**Supplied records**
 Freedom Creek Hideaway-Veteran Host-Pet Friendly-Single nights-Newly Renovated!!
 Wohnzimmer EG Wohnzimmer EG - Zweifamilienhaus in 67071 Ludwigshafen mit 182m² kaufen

---

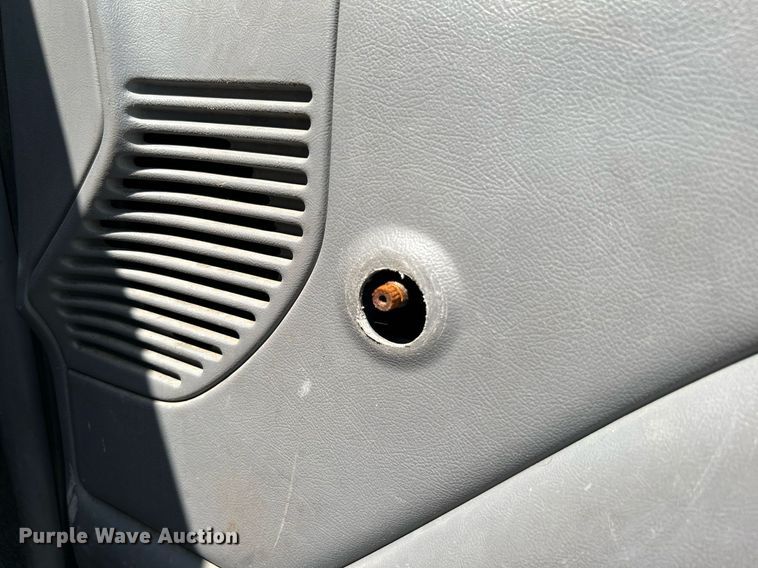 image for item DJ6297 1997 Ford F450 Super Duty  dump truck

**Work to be completed**
Set down exactly the lines of the data above, beginning with the line that has "Freedom Creek Hideaway-Veteran" and ending with the line that has "Wohnzimmer EG Wohnzimmer", and no others.

**Exercise result**
 Freedom Creek Hideaway-Veteran Host-Pet Friendly-Single nights-Newly Renovated!!
 Wohnzimmer EG Wohnzimmer EG - Zweifamilienhaus in 67071 Ludwigshafen mit 182m² kaufen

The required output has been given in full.